Letters to the Editor

Too Sensitive about Swastikas?

 

 
 

 

Editor, San Diego Jewish Times: 

This letter is in response to the article by Don Harrison in the Dec. 15 issue of the Jewish Times regarding the swastika shaped building at the Naval Amphibious Base in Coronado.

I would be outraged had the building been overtly designed as a swastika with the attendant message it would deliver. But, having read the architect's comments in Harrison’s article, I don't think it was purposefully so designed. It’s entirely possible the designer bent the wings of the building as a practical solution to accommodate the physical space available. Busy designing the trees, he failed to see the forest.
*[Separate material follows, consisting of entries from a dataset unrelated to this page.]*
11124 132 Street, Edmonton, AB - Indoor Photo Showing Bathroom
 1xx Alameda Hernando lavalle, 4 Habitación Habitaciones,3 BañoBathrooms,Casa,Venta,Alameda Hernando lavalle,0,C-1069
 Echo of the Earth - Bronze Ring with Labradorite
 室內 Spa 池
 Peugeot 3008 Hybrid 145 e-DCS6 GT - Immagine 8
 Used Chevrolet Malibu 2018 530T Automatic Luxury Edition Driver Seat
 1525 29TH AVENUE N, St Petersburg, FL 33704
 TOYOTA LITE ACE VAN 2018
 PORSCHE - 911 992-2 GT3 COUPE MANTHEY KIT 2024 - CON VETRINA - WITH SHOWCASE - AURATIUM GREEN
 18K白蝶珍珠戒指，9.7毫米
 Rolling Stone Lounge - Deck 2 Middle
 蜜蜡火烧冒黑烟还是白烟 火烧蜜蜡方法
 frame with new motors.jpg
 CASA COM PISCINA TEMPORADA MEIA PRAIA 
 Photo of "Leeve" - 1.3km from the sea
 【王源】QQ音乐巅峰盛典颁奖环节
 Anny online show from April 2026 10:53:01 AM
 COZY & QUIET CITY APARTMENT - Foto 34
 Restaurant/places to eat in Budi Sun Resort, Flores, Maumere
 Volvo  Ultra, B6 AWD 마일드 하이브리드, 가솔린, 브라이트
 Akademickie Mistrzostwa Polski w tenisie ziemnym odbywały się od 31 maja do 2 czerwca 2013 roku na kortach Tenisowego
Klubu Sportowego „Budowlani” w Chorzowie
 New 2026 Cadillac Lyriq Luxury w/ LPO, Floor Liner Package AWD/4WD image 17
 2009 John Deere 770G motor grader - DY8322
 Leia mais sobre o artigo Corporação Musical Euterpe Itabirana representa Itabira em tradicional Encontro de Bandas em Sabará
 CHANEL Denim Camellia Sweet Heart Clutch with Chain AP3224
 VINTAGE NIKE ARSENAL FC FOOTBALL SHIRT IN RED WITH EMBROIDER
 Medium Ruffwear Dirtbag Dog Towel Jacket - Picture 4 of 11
It seems to me that while our society is becoming more and more sensitive to the many communities of which our country is comprised, undoubtedly a good thing, it is also in some cases becoming too reactive to what are often inadvertent infringements upon those sensitivities.

Buildings come in many shapes: the Marriott Towers on the harbor are crescent shaped — and since that particular configuration has religious meaning to over one billion of the world's people, some might find that shape offensive. There are star-pointed forts and prisons. Pentagons, which may be taken as desecration of someone's religious symbols and circles and octagons, have meaning for others.

In my opinion, this increasing clamor of differing sensitivities over inadvertent offense tends to Balkanize our country. Careers and lives have been ruined by a slipped word or a misplaced joke. We are all inadvertently guilty at one time or another and the danger is that we are growing fearful of talking across group lines. The key word is "inadvertent."

As I see it, we are at a time in history when our civilization — our Judeo/Christian philosophical base — is being tested by another religious ethnic framework, and we need to be united to successfully meet it. If we don't hang together, we shall surely hang apart, as Ben Franklin said over two centuries ago. That advice is as cogent today as it was then.

That all being said, the views expressed in the article are certainly of valid concern and if nothing else will serve as notice for future architects to be more aware. But to pressure the Navy to alter the shape of this building 40 years after it was built, I think not.